Thursday, September 30, 2010

Caring for the Tools that Care for Our Animals

Well, we've come a long way as a society in the tools we use to care for our animals. I swear, my dog has a more thorough health screening every year than I do. And while I love to do things the old fashioned way, and would love to tell you that Zach and I use these old sheep shears to shear our goats and rabbits, alas, I cannot lie. These beautiful antique hand shears hang in our laundry room, and the only use they have in our house is to look rustic and charming.
There is however, a whole group of people who still use hand shears to shear their animals, and they do it faster than Zach and I with the electric ones.
As quaint as the old shears are, I find them incredibly daunting. We opted for the electric ones, more modern, but not nearly as scary.
  This is our collection of tools that we use to take care of our animals. It includes shearing tools, grooming tools, and nail and hoof clippers. We also keep a good grease cutting soap like dish-washing liquid on hand, small machine oil for shears or sewing machines, styptic powder, peroxide and triple antibiotic ointment.






Many of these tools are a considerable investment, it's important to take good care of them, not only to protect our own expenses, but so that they work properly and will do the job they're made for without injuring us or our animals.
 Shearing season is done for us for a while, and other than trimming up our Golden Retriever now and again, cleaning his ears and feet puffs etc. (he gets these pom pons on his toes and he looks like he's wearing fancy lady slippers), we will be packing up the clippers for a few months.
We have two sets of shears, our large electric sheep shears, and a smaller pair of animal clippers. They both work in basically the same way. They have a stationary row of angled teeth, then the lower section that slices back and forth.








The teeth on the sheep shears are spaced much wider than the animal clippers this is necessary because wool is much more dense than fur or hair. The head base is also wider which allows the fleece to come off faster, therefore putting less stress on the goat. These however, are a more dangerous set of clippers because it's easy to get your finger or the animal's skin in between those wide spaced blades. Unfortunately, someone always seems to get nicked. Either one of us or one of the goats. If the goats get nicked, we clean the area well with Peroxide, and smear triple antibiotic ointment on the wound each day until it's healed.
The animal clippers have a more narrow head, smaller teeth and spaced more closely together, but not too close together to where they wouldn't be able to get through the fur. Human clippers like the ones used in barber shops are meant for hair and will not work on animals with wool or an under coat, the teeth are too close together. We use the animal clippers on the rabbits and for our dog because they are safer and more easily manipulated for smaller areas.

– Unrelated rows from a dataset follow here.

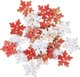 Dalprint Ξύλινα κουμπιά DPCRAFT νιφάδες χιονιού 2,5 cm, 24 τμχ, κόκκινο/λευκό επιχρυσωμένο 11655341 5903925007367
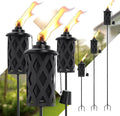 Citronella Torches for Outside Set of 6 - Elegant Garden Decor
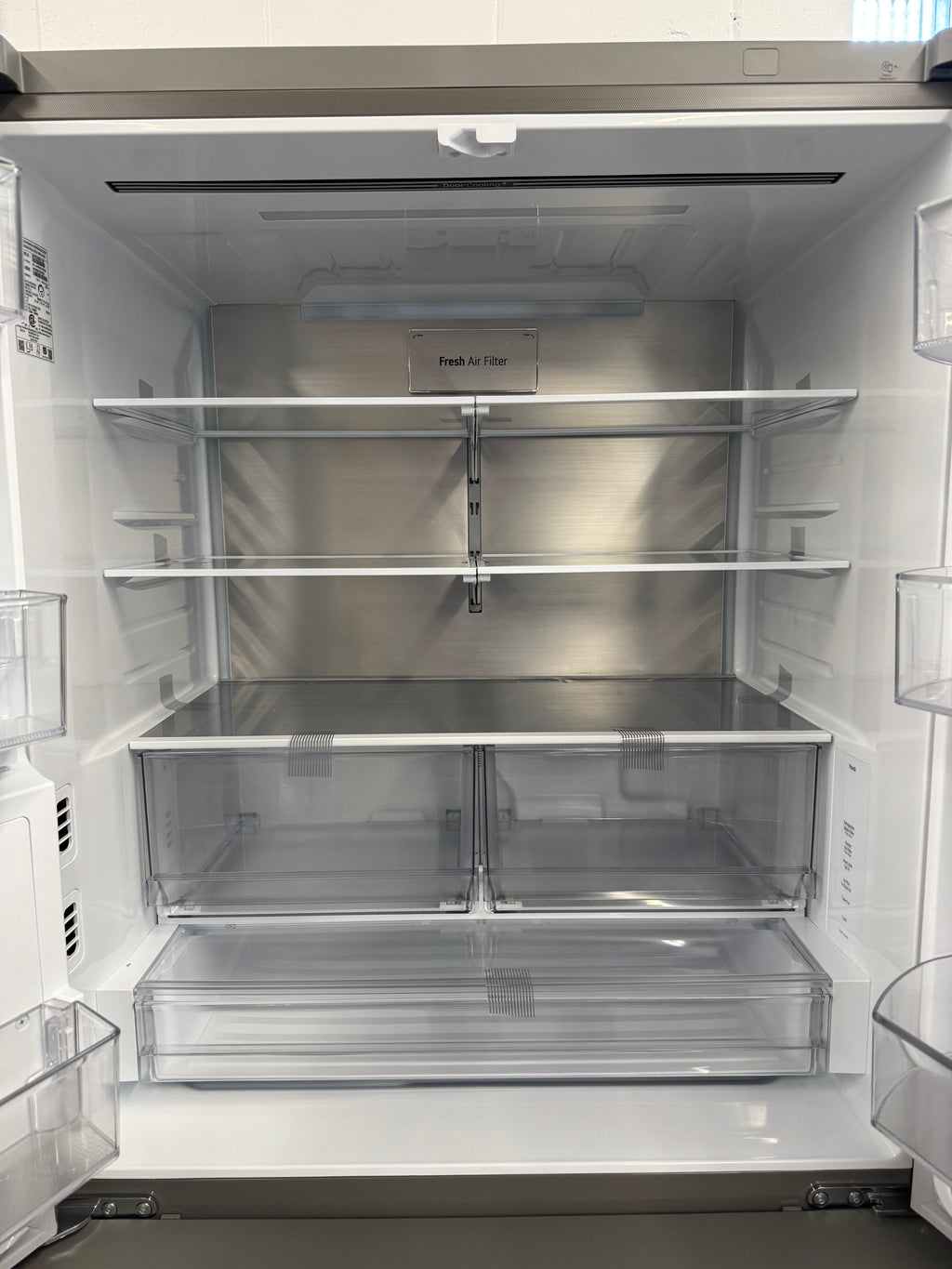 NEW - LG 36” Counter Depth French Door Fridge with Water & Ice Dispenser - LRFXC2606S (1 YEAR MANUFACTURER WARRANTY)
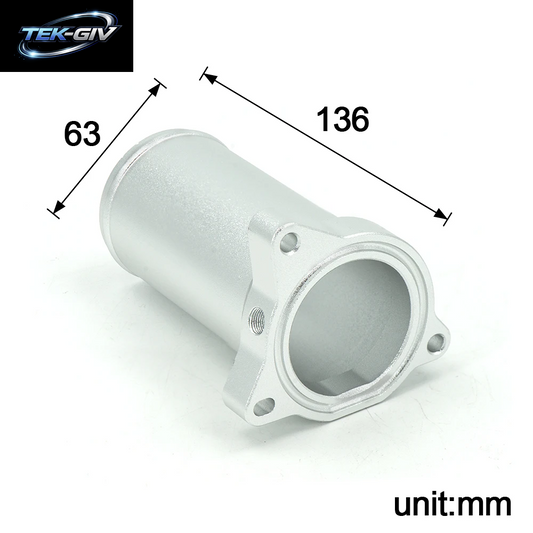 63Mm Aluminium Rohr Ersetzen Das Oe Ventil 038131501A Für Vw Sitz Audi 1,9 Tdi 130K 150K 160K Bhp Diesel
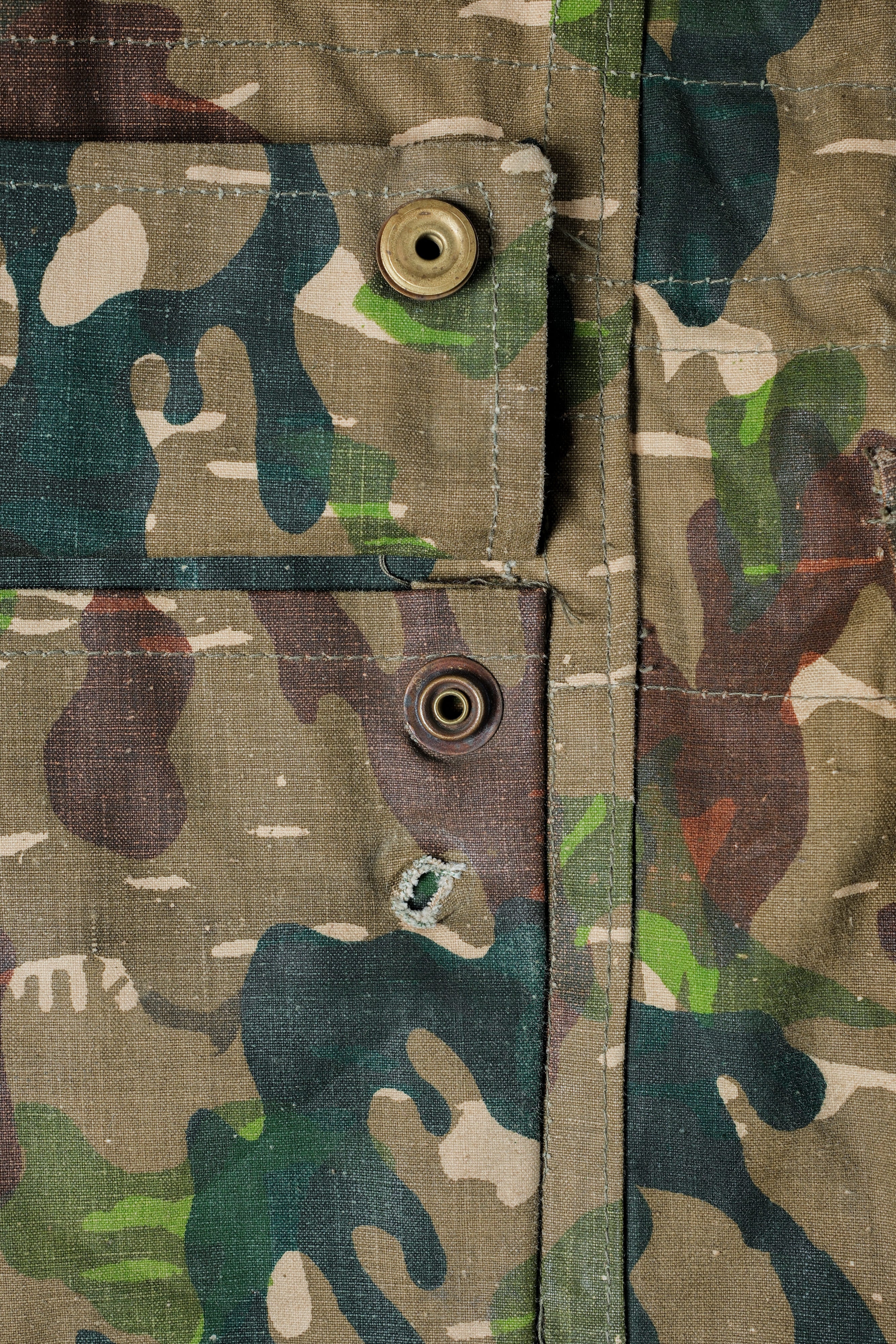 【~60's】Spanish Army Brown Amoeba Camouflage Paratrooper Jacket Size.2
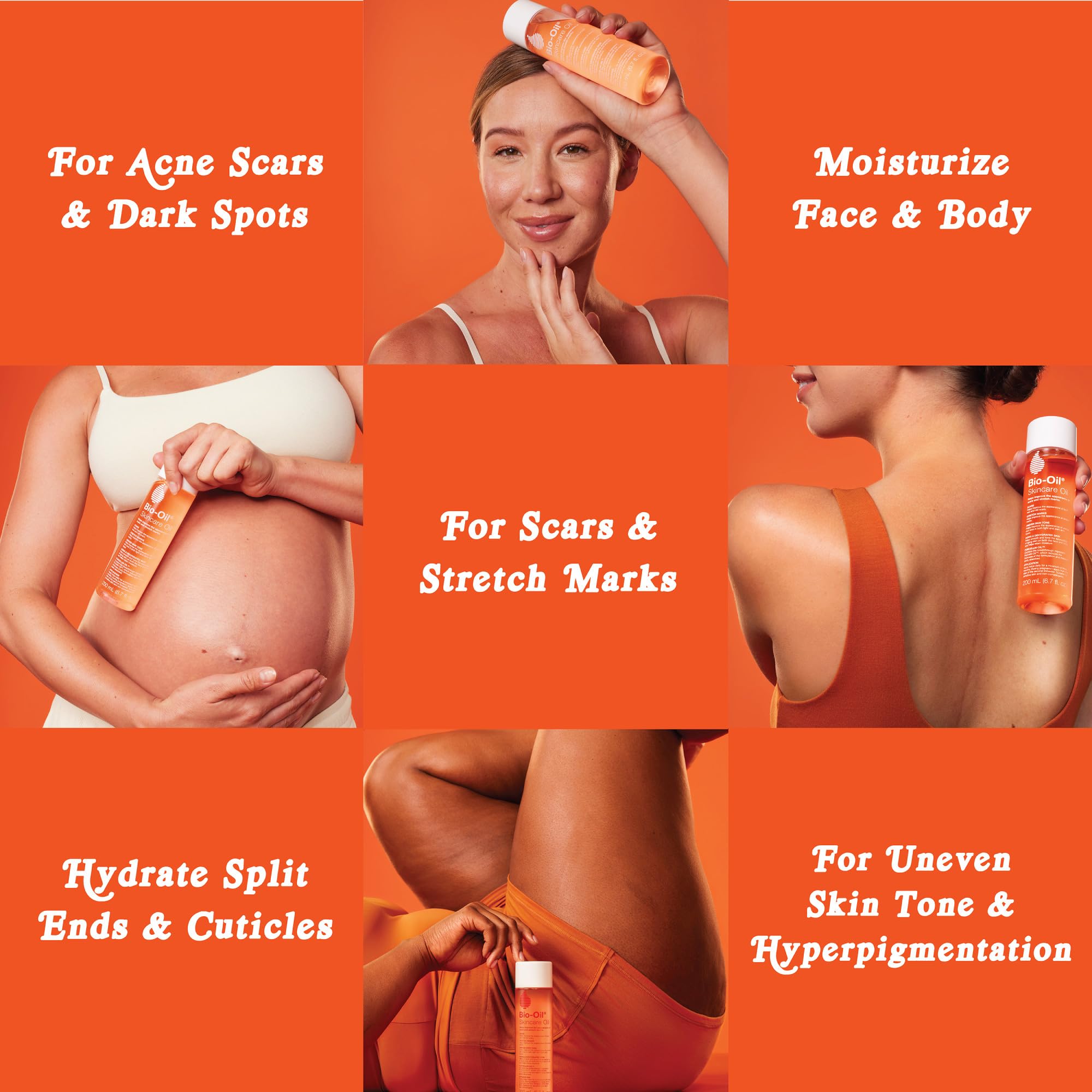 Bio-Oil Skincare Body Oil Serum, Face and Body Moisturizer with Vitamin E & A, for Scars, Stretch Marks, Sensitive Skin, All Skin Types, Dermatologist Recommended, Non-Comedogenic, 2 Oz Halalzen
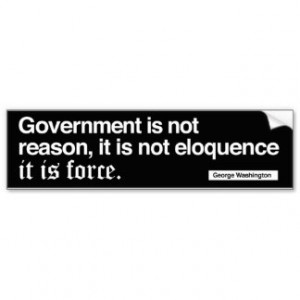 George Washington Quote / White on black Car Bumper Sticker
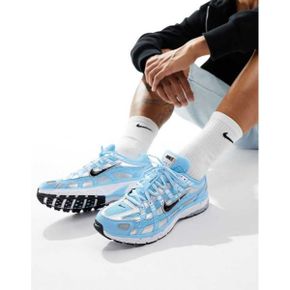 4094545 Nike P-6000 sneakers in blue and silver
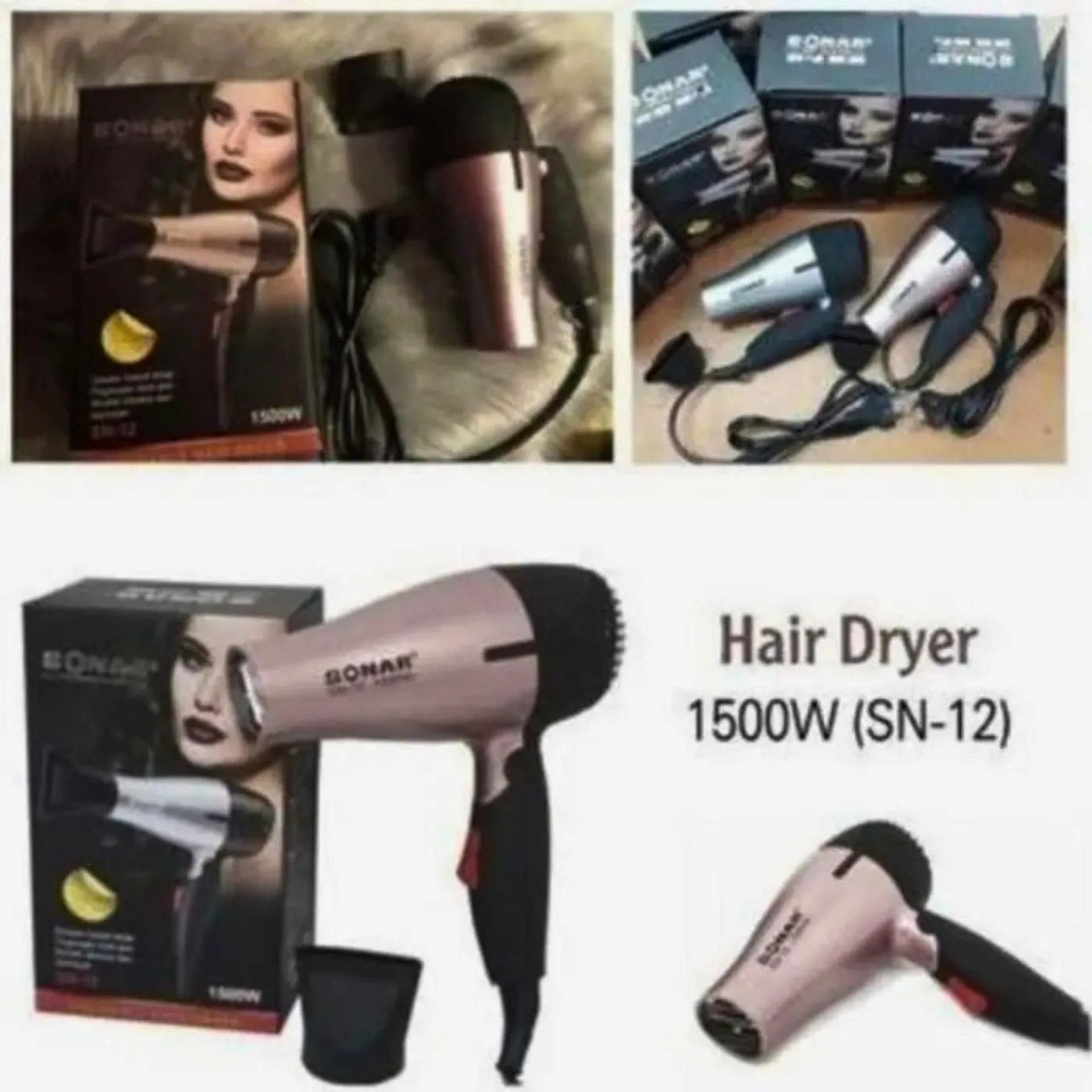 Sonar Sèche cheveux pliable 1500W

This is what the clippers looked like after we sheared the rabbits.
I take the clipper head off, and brush out much of the wool and debris with an old recycled dog brush. It has soft bristles that work like a tooth brush and get between the teeth of the blades.







Then I brush the blades with grease cutting soap












and rinse under very hot water so much of the moisture evaporates and will not cause rust. Dry the blades well and oil well.









Our sheep shears have oil ports,












where the clippers I just run a bead of oil down the blades and turn them on for a minute to spread. They are now clean and ready to be stored.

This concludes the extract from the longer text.